Di Lucido rende dunque l’interazione tra opere terminate e opere scartate il cardine della sua riflessione sulla forma e della sua poetica, che non va ricondotta semplicemente al fascino del non-finito, ma soprattutto alla problematicità della stretta e inafferrabile relazione ontologica che s'instaura, all'interno della stessa opera d'arte, tra il finito, da un lato, e il non-finito che lo ha reso possibile, dall'altro. Da questa raffinata riflessione, che a ben vedere concerne, in ultima analisi, proprio il concetto di tempo, la forma compare dal dialogo con i suoi stadi temporali precedenti e (perché no) successivi, ancora puramente immaginari. Ecco perché l'artista definisce la superficie del quadro come un «luogo in cui si dimentica». Parafrasando la celebre lezione socratica, Di Lucido non dimentica che l'artista dimentica.

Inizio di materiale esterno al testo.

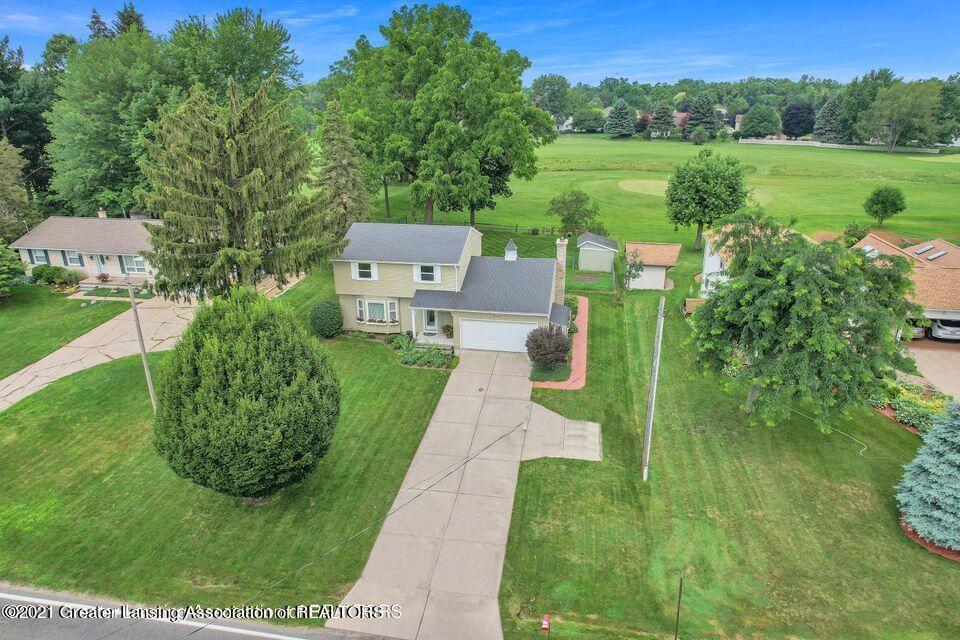 5849 Green Road Haslett, MI 48840 - Photo 44 of 48 19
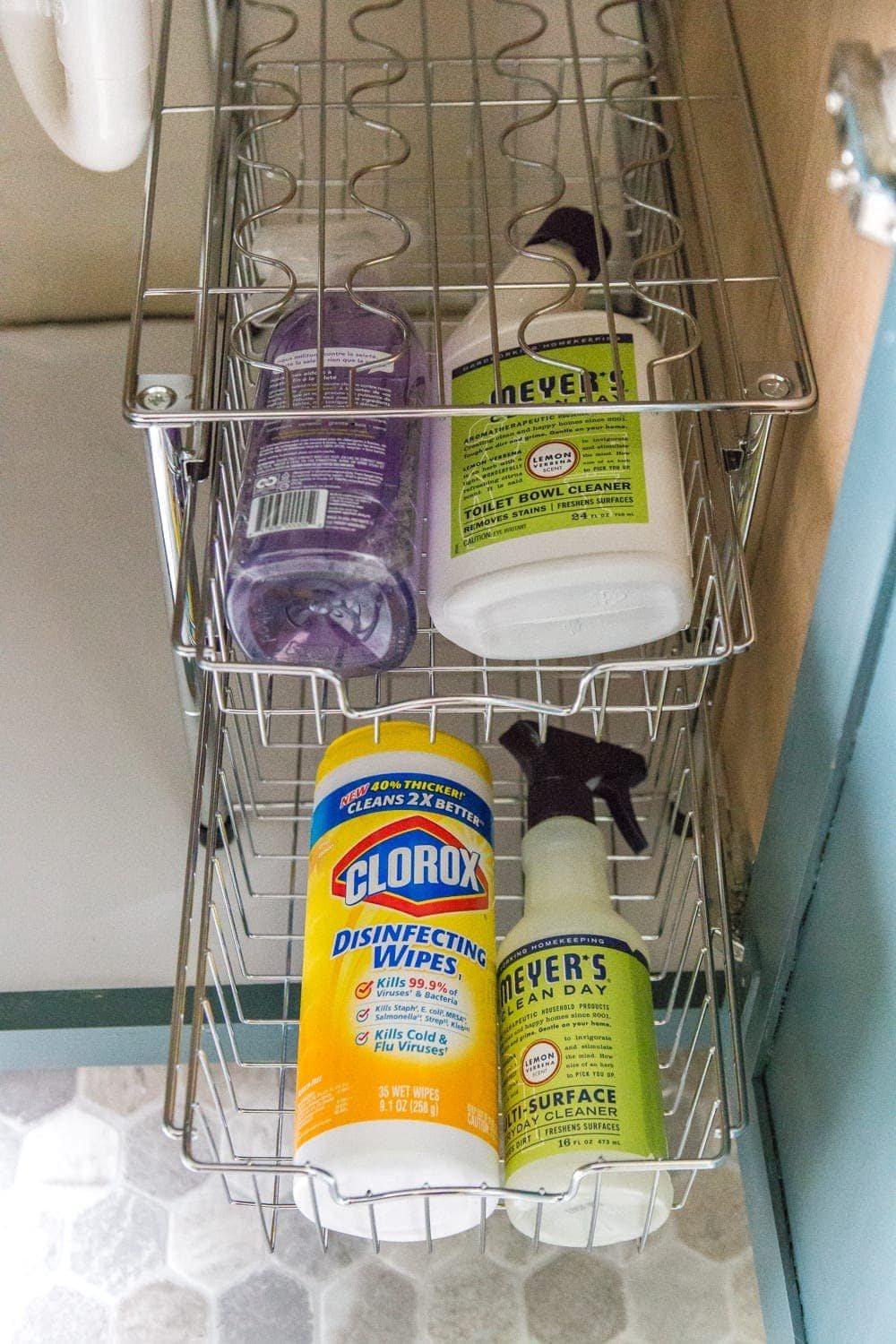 Bathroom Vanity Organization | The must-do steps to thoroughly organize your bathroom drawers and cabinets and the best tools to keep them looking tidy. #bathroomorganization #bathroomdrawer #bathroomcabinet #bathroomvanityorganization #bathroomorganizing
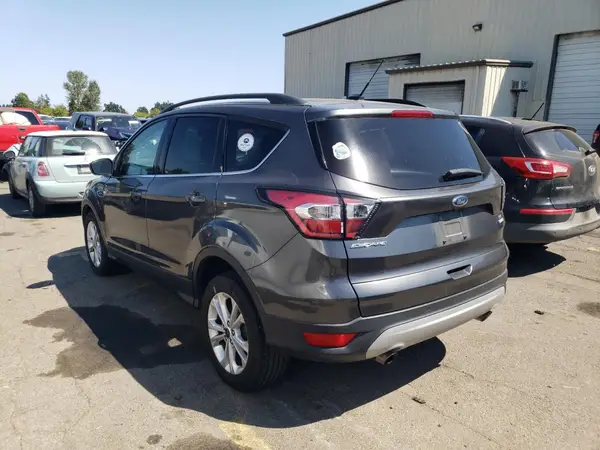 1FMCU0GD6HUC81165 2017 FORD ESCAPE - Image 2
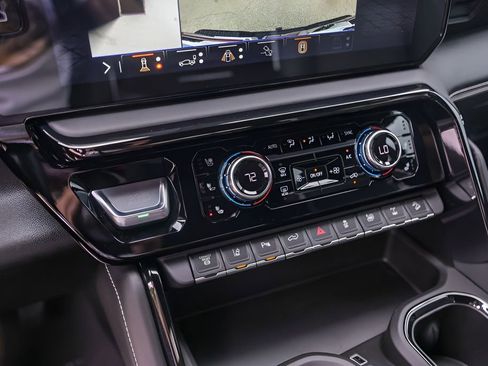 Used 2025 GMC Sierra 2500 AT4X image 21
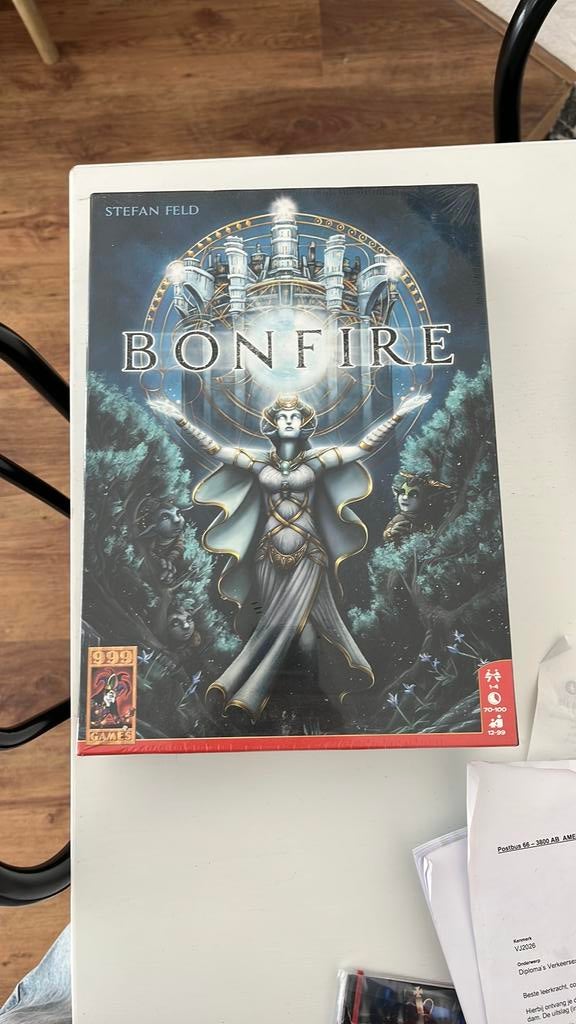 Bonfire Bordspel. Nieuw in verpakking, Ophalen of Verzenden, Nieuw
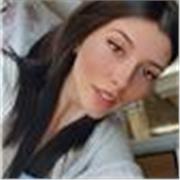 Avendo studiato in un liceo linguistico, ed essendo una ragazza di origini rumene che vive a Roma fin dall'infanzia, padroneggio la lingua italiana, rumena, spagnola e francese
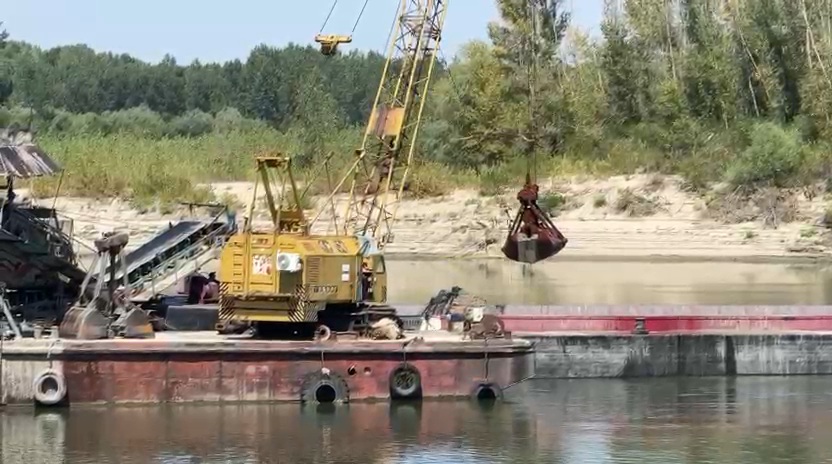 foto video dragaj de urgenta pe dunare la cochirleni guvernul aloca 5 1 milioane de lei pentru lucrarile foto video dragaj de urgenta pe dunare la cochirleni guvernul aloca 5 1 milioane de lei pentru lucrarile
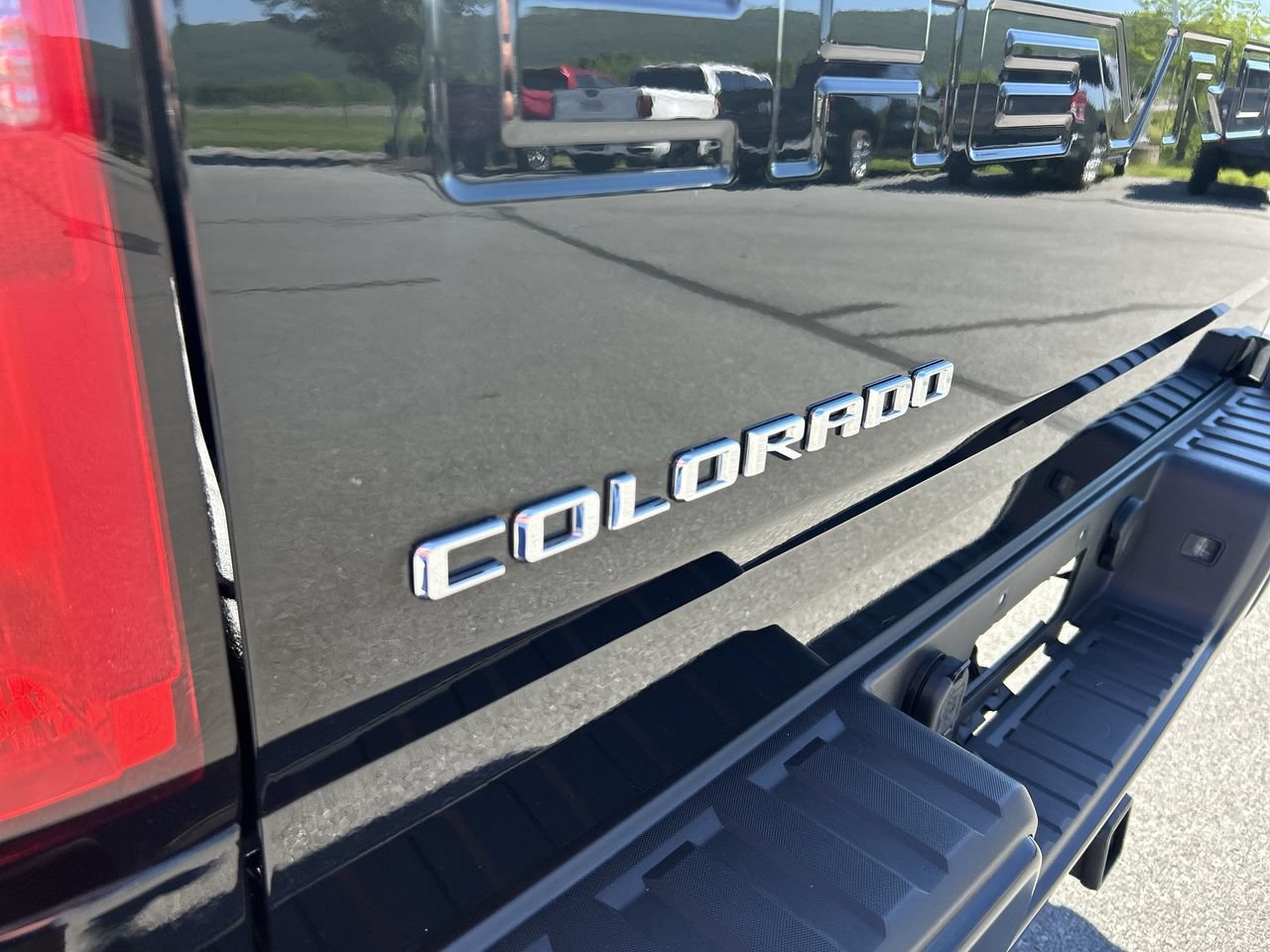 Used 2022 Chevrolet Colorado ZR2 w/ ZR2 Midnight Special Edition AWD/4WD image 11
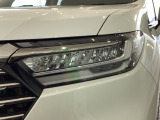 LEDヘッドライトは、点灯の瞬間から最大光量を発揮し、突然暗くなるトンネルなどでの安定感を高めます。
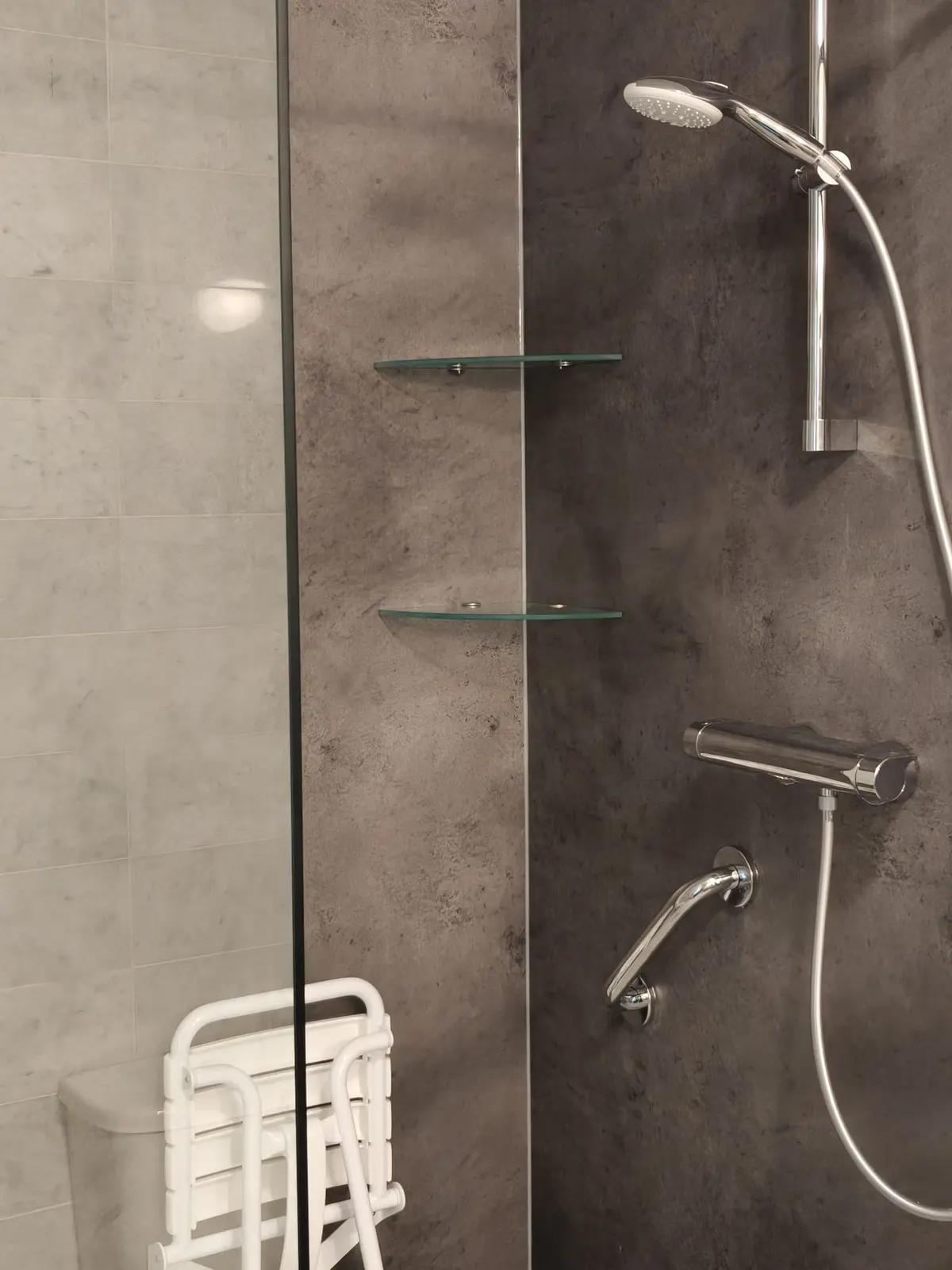 Voorbeeld: douche met beugel en zitje uit uitgevoerd werk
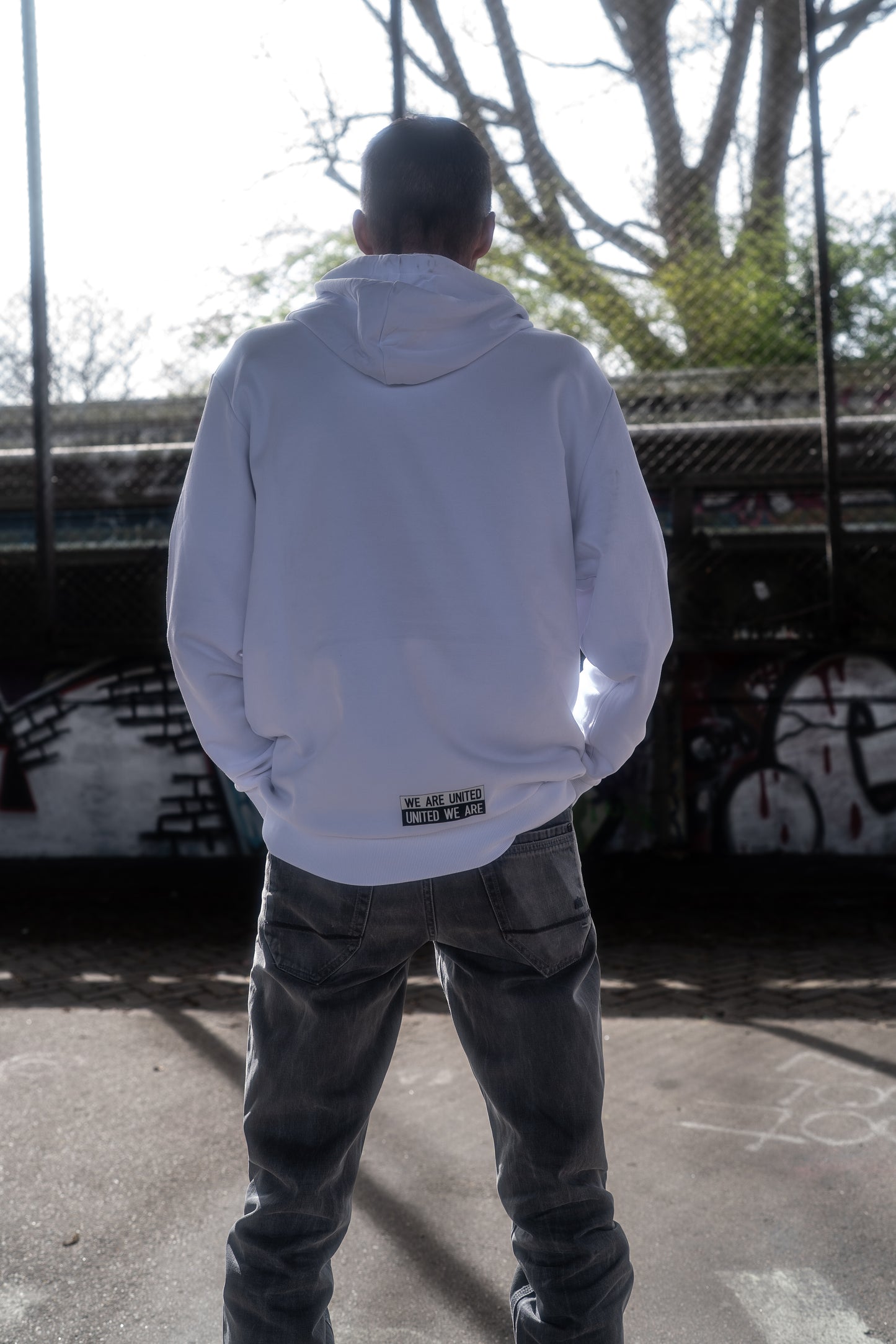 AM1U White Regular Hoodie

Lorenzo Di Lucido nasce nel 1983 a Penne (Pescara) e attualmente vive e lavora a Milano. Formatosi in un primo tempo come maestro d'arte, si iscrive poi all'Accademia di Belle Arti di Bologna, dove nel 2008 è tutor della cattedra di tecniche e tecnologie della pittura.
Tra le numerose mostre personali e collettive cui ha preso parte dal 2002 a oggi, segnaliamo qui solo alcune delle più recenti: Il nocciolo della questione, Museo Bodini, Gemonio, Varese (2016); No place 2, Castello di Fombio, Lodi (2016); La pittura sporca, Festival Studi, Milano (2016); L’eroico Manoscritto, Biblioteca Malatestiana, Cesena (2016); Imago Mundi, Fondazione Cini, Venezia e Fondazione Sandretto Re Rebaudengo, Torino (2015); Anatomie del disegno, Spazio Quam, Scicli, Ragusa (2015); Premio Francesco Fabbri, mostra delle opere finaliste, Pieve di Soligo, Treviso (2015); La pratica del disegno, Biennale d’arte città di Penne, Castello di Nocciano (2015); Our Generation, Biennale d’arte città di Penne, Chiesa di San Giovanni Battista (2015); Head, Yellow artist-run space, Varese (2015); Prima Pagina Art Prize, Arte Fiera Bologna (2015); Premio Marina di Ravenna, mostra dei vincitori, Museo MAR, Ravenna (2014); I Low art, Art Core Gallery, Bari (2014); 2000 Maniacs, Arte Fiera Verona (2014); Pittura, Galleria Giuseppe Pero, Milano (2014); Premio Combat, mostra degli artisti finalisti, Museo Civico Fattori, Livorno (2014); Depot (esperienze di pittura in vitro), Casa Cavazzini, Museo d’Arte Moderna e Contemporanea di Udine (2014); Il regime dell’immagine (personale), Scatolabianca, Milano (2014); In ragione dell’ombra (personale), Spazio FAR, Palazzo del Podestà, Rimini (2014).


***testo pubblicato in GIDM - num. 2, vol. 36, giugno 2016***


Lorenzo Di Lucido è il secondo artista che proponiamo con la collaborazione di Yellow artist-run space.
Yellow è un palcoscenico per la pittura: uno spazio dove pittori italiani e internazionali sono invitati a conoscersi, dialogare, sperimentare, mettere in scena, presentare e discutere il proprio lavoro. Fondato nel 2014 dall'artista Vera Portatadino e da lei diretto, Yellow è sostenuto da Associazione Stralis ed è parte di Zentrum, “piattaforma” per l’arte contemporanea, con sede a Varese.